I'm also referring to the faster models, not the slow and expensive deep thinking ones which I have little experience with. I don't see how reasoning would enable deep thinking models to meaningfully evaluate textbook pedagogy, either.
They DO understand what they are doing. When I ask it to solve math problems, it goes through the several (many) steps involved (e.g. e.g. "apply the chain rule" while doing partial differentiation on a term in a Jacobian matrix). It gets pretty tedious when solving systems of linear equations, where it goes through each step of the Gauss-Jordan elimination while doing an LU decomposition, row by row. But one learns to ignore the blah-blah. Step by step, in absolutely ridiculous detail. The point: they absolutely 100% understand what they are doing, and understand it in minute detail.
It's clearly NOT regurgitating something that it has literally seen before, because the level of detail is beyond ridiculous for a human. It is applying generalized rules to specific concrete problems, and doing so with some level of strategic thinking.

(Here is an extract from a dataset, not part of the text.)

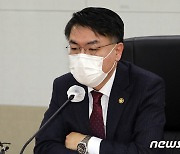 검찰, 통계조작 의혹 전 차관 영장기각에 "납득 어렵다"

Where did it learn those generalized principles, and how did it learn to do that? With absolute certainty, there are math textbooks among the materials they have been trained on. And they certainly learned it from SOMEWHERE. Probably math textbooks. How did they learn to generalize and think strategically? Well, that's the big mystery, isn't it? But they do.

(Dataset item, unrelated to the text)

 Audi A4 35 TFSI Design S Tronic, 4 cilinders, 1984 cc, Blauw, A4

The very best models achieve high scores on Math Olympiad problem sets (so competitive with some of the best minds on the planet). And Terrence Tau (greatest living mathematician) declares state-of-the-art models to be "better than most of my post-graduate students".
And what they can and cannot do is increasing by leaps and bounds on a weekly or monthly basis right now. It's hard to keep up. I frequently find that they can do things this week, that they could not do a week or a month ago. Startling, and quite utterly amazing.
Most of the time, I am using Claude Sonnet 4.5 as my coding agent, for which I pay $10/month. Measured IQ of 110, I think, with an IQ of 120 if you flip it into thinking mode. But only because there isn't enough undergraduate level mathematics in a standard IQ test. Claude Sonnet 4.5 is also available for free here: https://claude.ai/chats (during periods of heavy load, it may fall back to simpler models). I often use the free web interface instead of the Coding Agent interface for math problems, because it's easier to read mathematical equations in the browser version. version). And I generally use the free version of Claude instead of Google Search these days.
My experience with people who have LLM subscriptions of any kind is that they use them all the time and would immediately ask an LLM that kind of question, rather than asking on a web forum that's not even dedicated to math. So I think it's a fair presumption that someone asking that question doesn't have access to the best commercial models.
On the largely irrelevant question of what math LLMs can do, although Opus may do better, Sonnet can follow procedures sometimes but not consistently. It has blind spots and can't scale procedures; beyond certain numbers or dimensions or problem complexity, it just guesses (wrong). And those limits are quite low. If you want 2 simple examples:
4294967297*1331
Invert this matrix: m=[1 0 5 0 3 7; 2 3 0 3 3 2; 1 0 1 1 0 1; 3 5 3 5 1 2; 2 4 3 2 1 5; 1 0 5 2 1 5]
LLMs follow procedures, but whimsically. Better LLMs will be less whimsical, but they still won't be fully competent unless they digest questions into more formal terms and then interface with an engine like Wolfram.